Espaço utilizado para abrigar cerca de 70 índios desde janeiro foi saqueado e queimado no último fim de semana. Cotisa entende que não tem mais responsabilidade sobre área, que é da União

Michael Gonçalves
Florianópolis
20/06/2017 às 09H28
Tisac (Terminal de Integração do Saco dos Limões) foi vandalizado no último final de semana - Flávio Tin/ND
Tisac (Terminal de Integração do Saco dos Limões) foi vandalizado no último final de semana - Flávio Tin/ND


Portas arrombadas, banheiros e bilheteria queimados, lixeiras destruídas e até um banco de concreto quebrado. Essa é a situação do Tisac (Terminal de Integração do Saco dos Limões), em Florianópolis, que foi vandalizado no último fim de semana. O espaço estava sendo ocupado por cerca de 70 índios desde janeiro deste ano em função de uma decisão da Justiça Federal proferida pelo juiz Marcelo Krás Borges, em 20 de janeiro. O problema é que a Cotisa (Companhia Operadora dos Terminais de Integração) entende que não tem mais responsabilidade sobre a área e o terminal está abandonado.

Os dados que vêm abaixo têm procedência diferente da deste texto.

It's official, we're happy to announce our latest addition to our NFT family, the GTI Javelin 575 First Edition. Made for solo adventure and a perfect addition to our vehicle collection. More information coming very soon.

Construído pela Cotisa entre 2001 e 2003, o Tisac custou R$ 912 mil à época e nunca foi utilizado para a sua finalidade. O contrato com a prefeitura prevê o retorno do investimento através da TIR (Taxa Interna de Retorno) aplicada na tarifa. Até a ordem judicial de janeiro, a empresa mantinha o serviço de vigilante 24 horas por dia e a manutenção do espaço.

A ordem judicial, que foi prorrogada a pedido da Funai (Fundação Nacional do Índio), determinou que os indígenas ocupassem o espaço até o dia 5 de maio. Apesar disso, a fundação e a Secretaria de Assistência Social do município não sabem dizer ao certo a data que os índios desocuparam o terminal.

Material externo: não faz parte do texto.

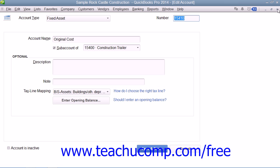When creating the original cost sub-account for assets purchased before your company file's start date, enter the opening balance field as the original cost of the asset. For assets purchased after the start date, leave the opening balance field blank, as the value of the asset will come from the value of the transactions that you have yet to enter, such as the loan to repay or checks to write in order to purchase the fixed asset.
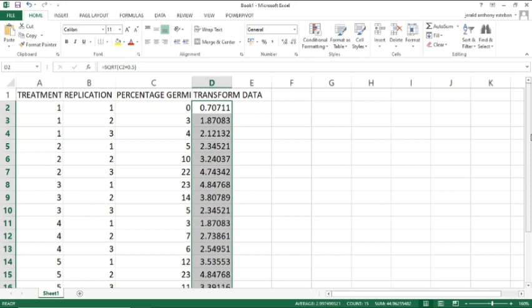I hope this video will help you a lot on how to calculate square root transformation using Excel. Thank you so much.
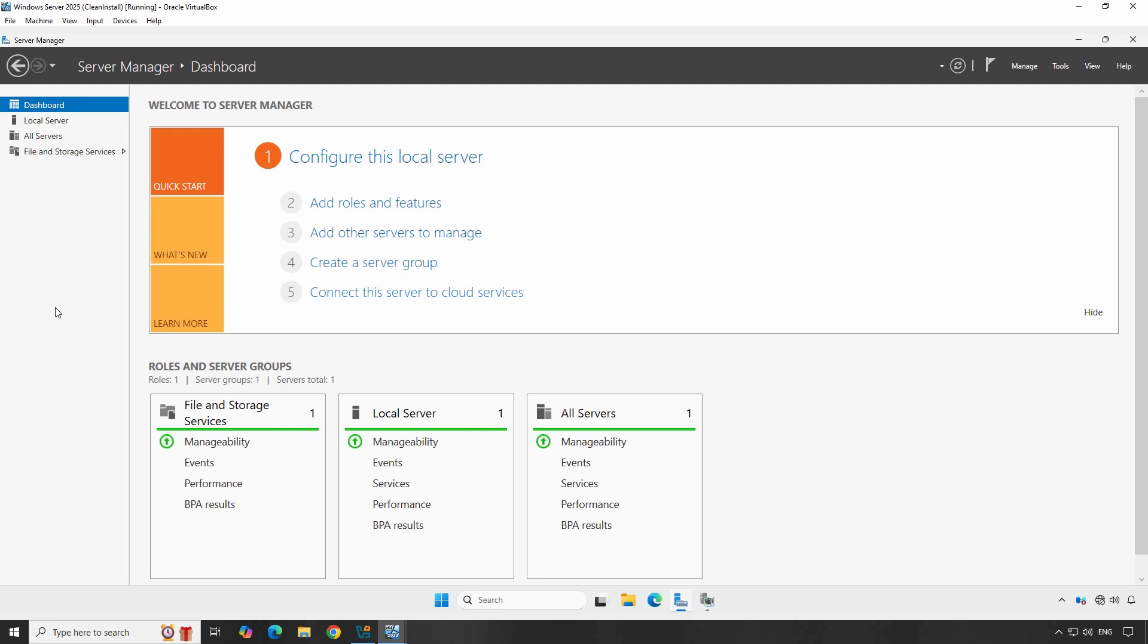In today's video, we are going to walk you through the process of enabling Remote Desktop on Windows Server 2025 and how to connect it from a Windows 11 client machine.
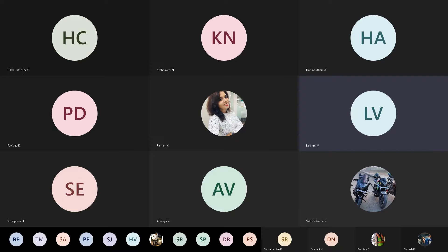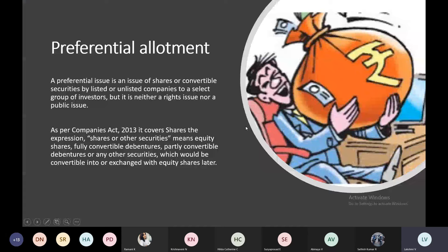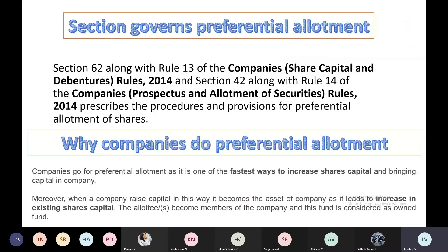As we discussed, preferential allotment is done for a few people. Instead of going to the public for subscription, you can get your funds quickly by making a preferential allotment. So instead of involving a lot of steps and SEBI guidelines, you just want to increase your funds quickly so that you can continue your operations without any disturbance. You can find the best way by making preferential allotment.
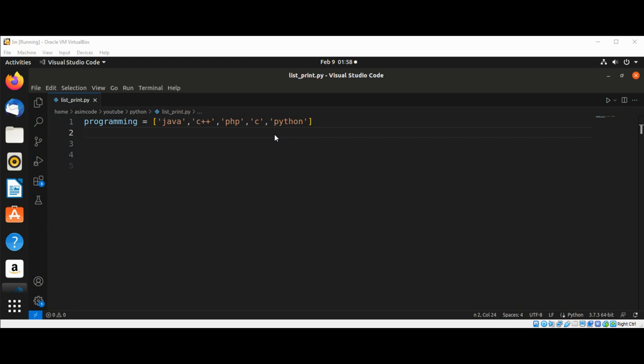For one, it would be repetitive to do this with a long list of names. And also, we would have to change our code each time the list length changes. So we are going to use a for loop to avoid these issues and by letting Python manage these issues internally.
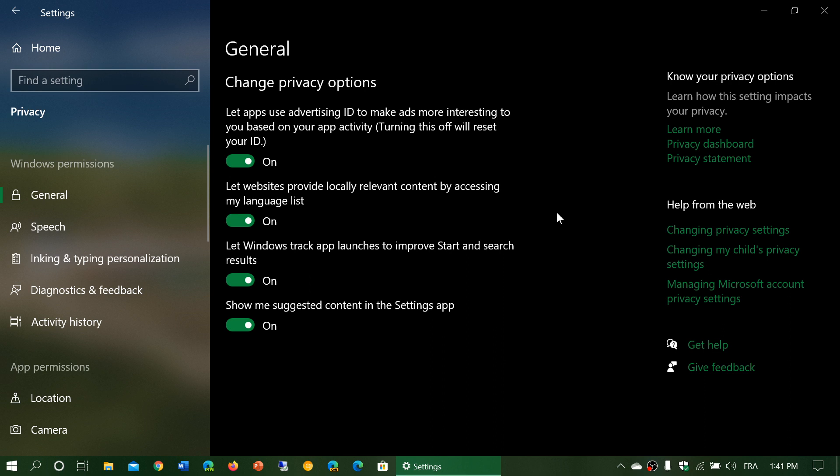App suggestions, for example, could be there. When you actually log into your Microsoft account, what happens is that Microsoft will create an advertising ID. It's basically a number that is given to you.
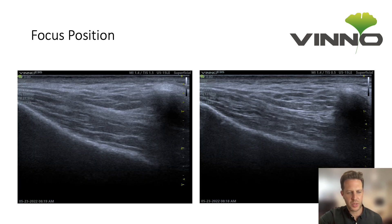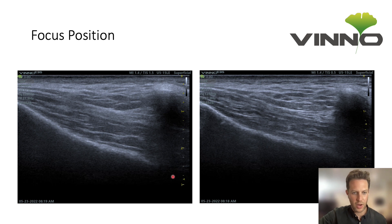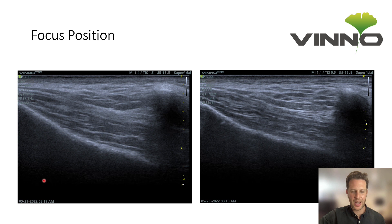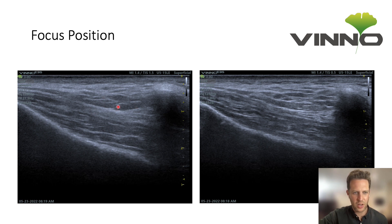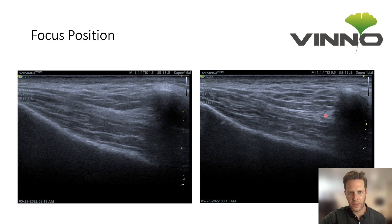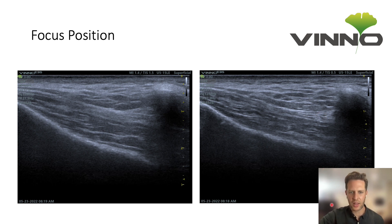Next we can optimize the focus position. Some machines now have automatic focus, but essentially the focus position is the point where the ultrasound machine narrows the beam to its narrowest point. On the left, the focus arrow is too low — below the level of the bone — so the deep temporal fascia and superficial fat pad are not clearly defined. On the right, with the focus position about midway, you can clearly see all the detail within the deep temporal fascia and the fat pad.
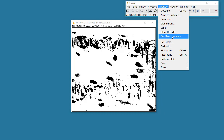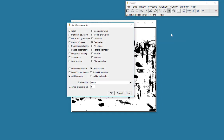And before that, I want to set my measurements. The area and shape description. So I really want to know the shape. This is a morphometric measurement, which measures shapes. So I'm going to get the shape descriptors. And I'm going to analyze particles.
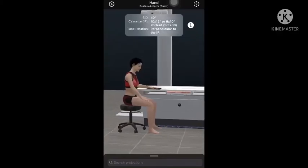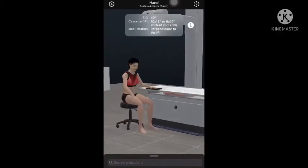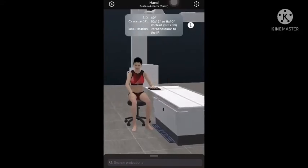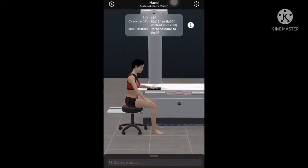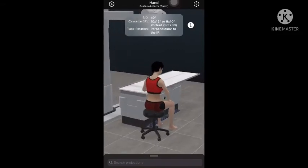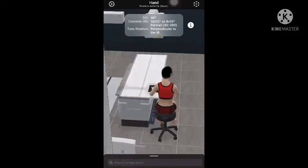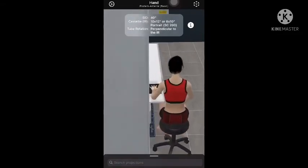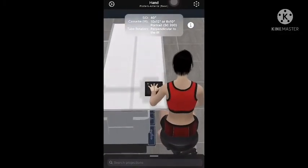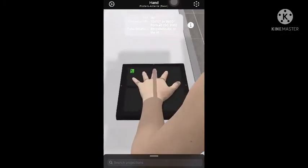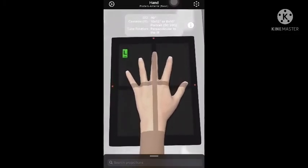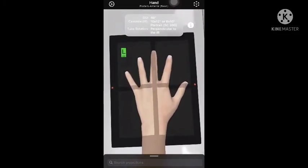As you can see, the patient is at the end of the radiographic table, seated sideways. When positioning the affected hand, adjust the long axis of the hand and forearm parallel with the image receptor's long axis, and direct the central ray to the third MCP joint perpendicularly.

O diretor da Cotisa, Marcelo Biasotto, informou que já comunicou a prefeitura sobre o repasse da área para a União. “Não teria o porquê de a empresa ficar pagando segurança, água e energia elétrica, se a responsabilidade passou para a SPU (Secretaria do Patrimônio da União)”, comentou.

Os vândalos colocaram fogo em três dos quatro banheiros. Uma bilheteria também foi queimada. As portas de duas cozinhas e de outras duas salas utilizadas como depósito também foram arrombadas. Na manhã desta segunda-feira (19), dois funcionários da Cotisa recolheram dezenas de pacotes de papel toalha que ainda estavam estocados no local.

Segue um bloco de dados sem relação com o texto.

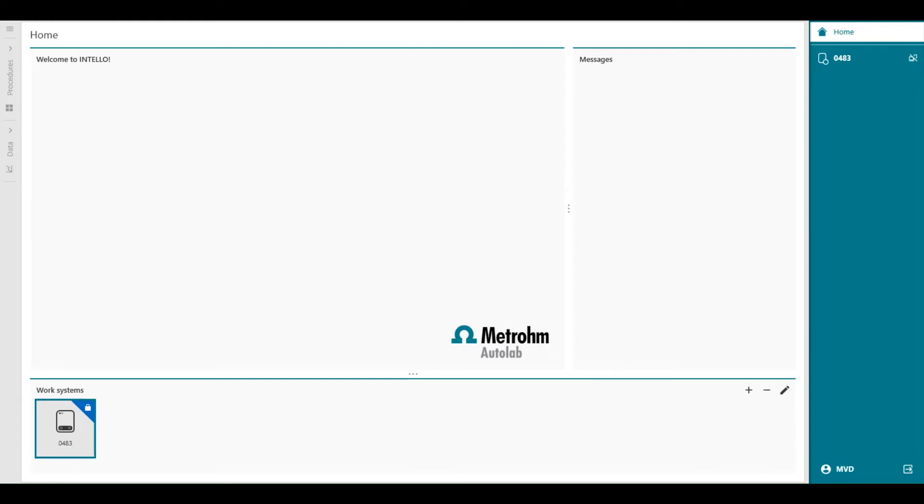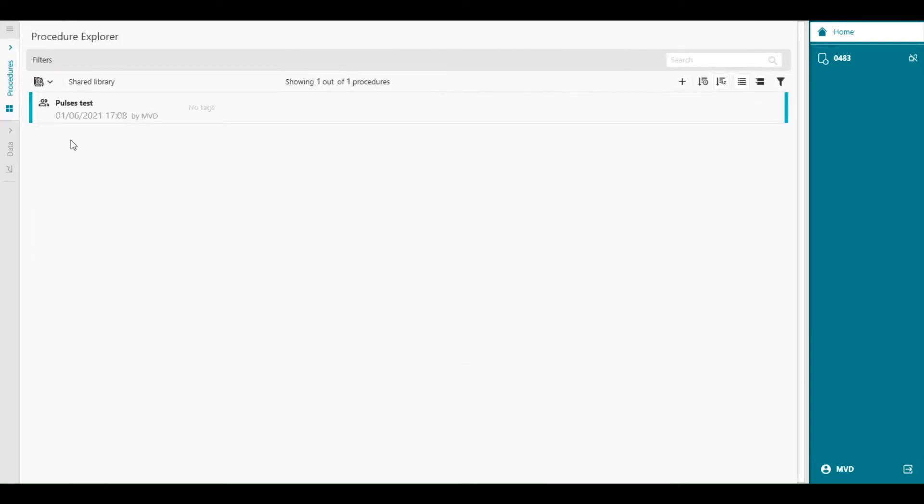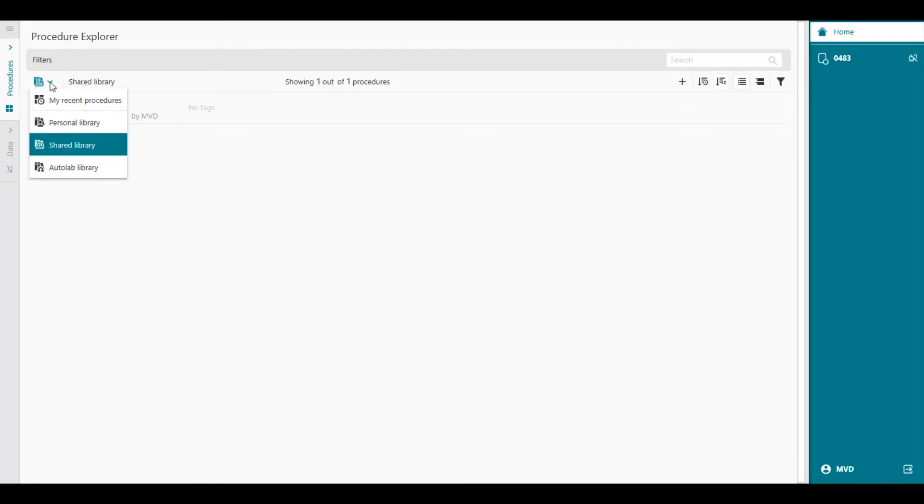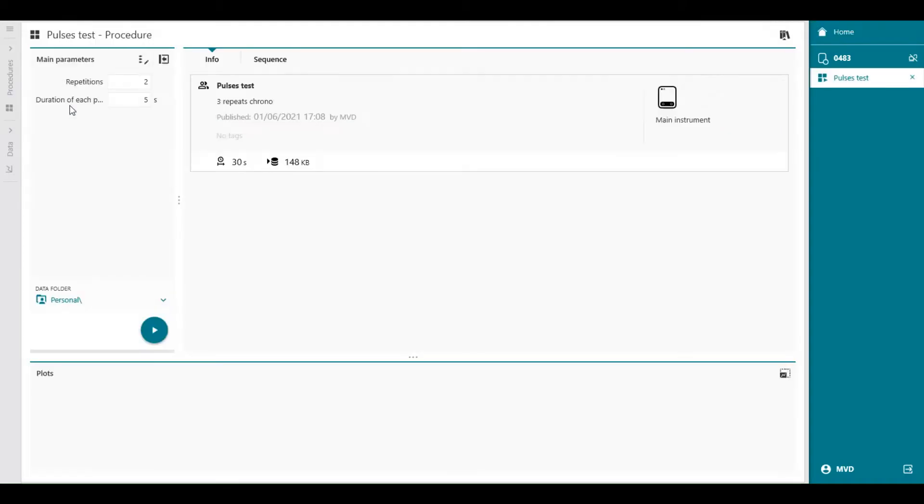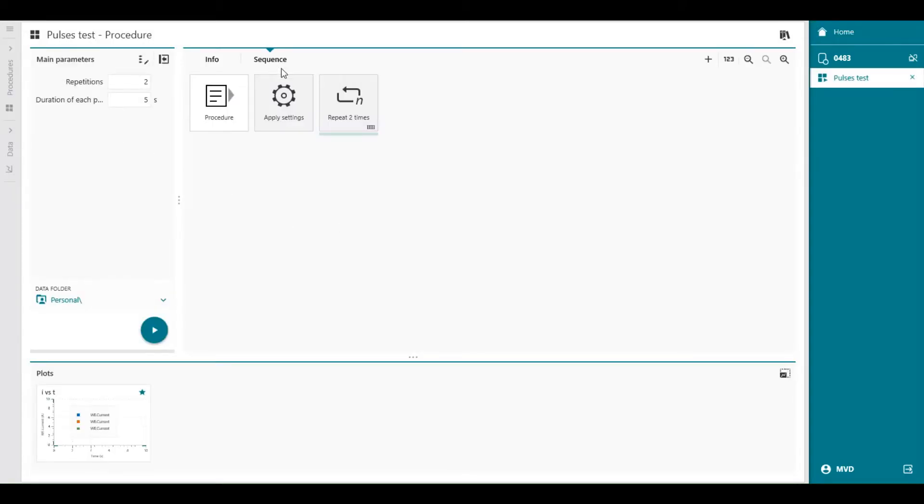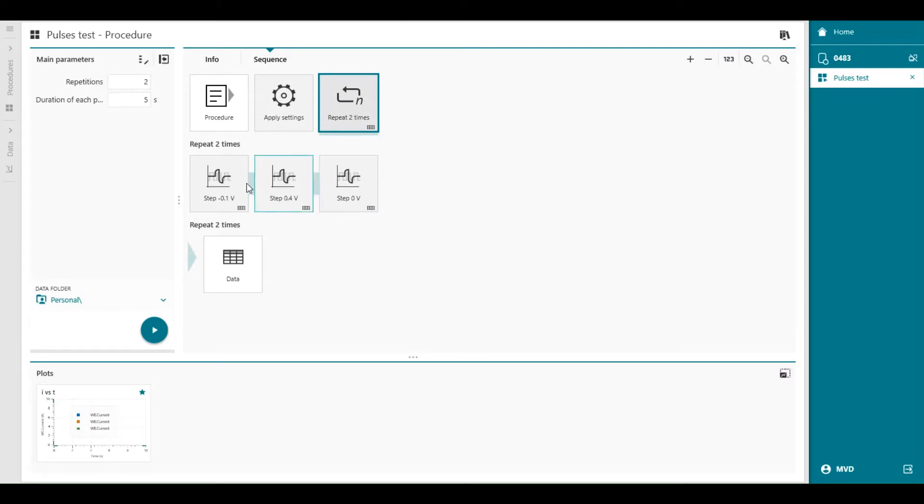Open the pulses in the shared database. So we go to procedures and in the shared database library, you will find the pulses test, which we've used previously. We look at the sequence. And here we'll find the pulses, which we've used.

Os vândalos colocaram fogo em três dos quatro banheiros - Flávio Tin/ND
Os vândalos colocaram fogo em três dos quatro banheiros - Flávio Tin/ND


“Manutenção e segurança seriam da União”, diz secretário de Transporte e Mobilidade Urbana

Os indígenas saíram do espaço, mas deixaram em uma sala objetos utilizados para a confecção e venda dos artesanatos. Essa sala também foi arrombada e os materiais ficaram espalhados. Os criminosos chegaram a colocar fogo em uma cesta básica, que estava em um dos sanitários. O secretário de Transporte e Mobilidade Urbana, Marcelo Roberto da Silva, recebeu o documento da Cotisa no mês passado.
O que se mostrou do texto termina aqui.